Top of Data below
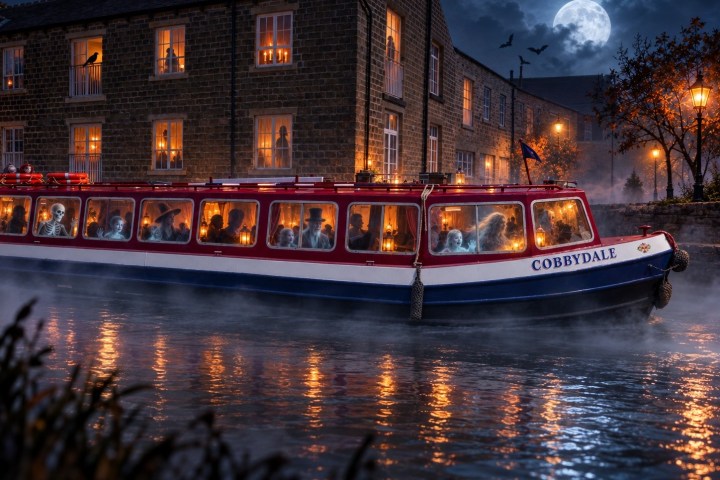 Canal boat at night with Halloween decorations, under a full moon.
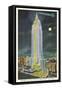 Blimp, Moon over Empire State Building, New York City-null-Framed Stretched Canvas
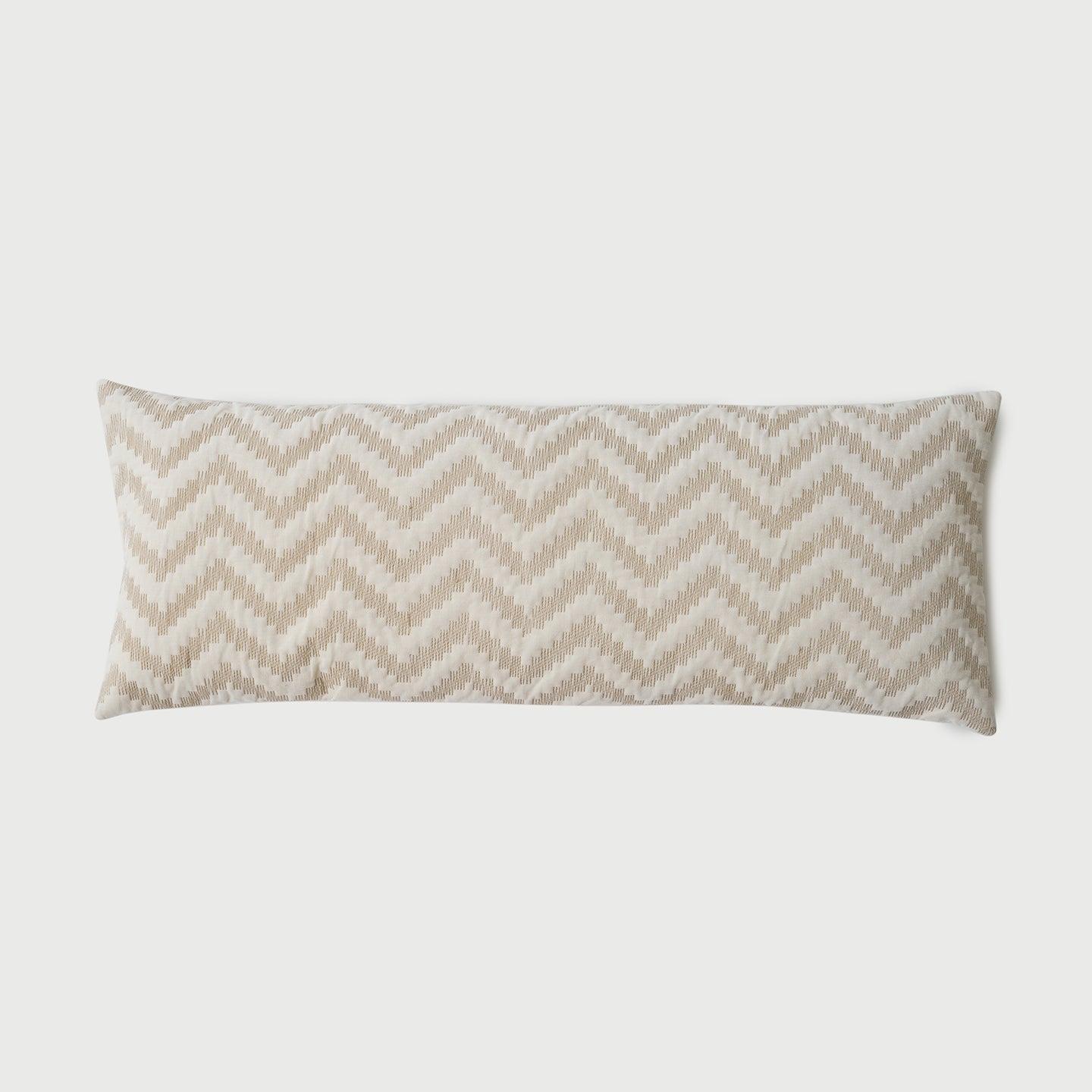Chevron Brown Lumbar Velvet Cushion Cover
Bottom of Data below
» Prompt
All of the material must be repeated exactly in the answer, apart from the pictures.

» Answer to the problem
 Canal boat at night with Halloween decorations, under a full moon.
 Blimp, Moon over Empire State Building, New York City-null-Framed Stretched Canvas
Chevron Brown Lumbar Velvet Cushion Cover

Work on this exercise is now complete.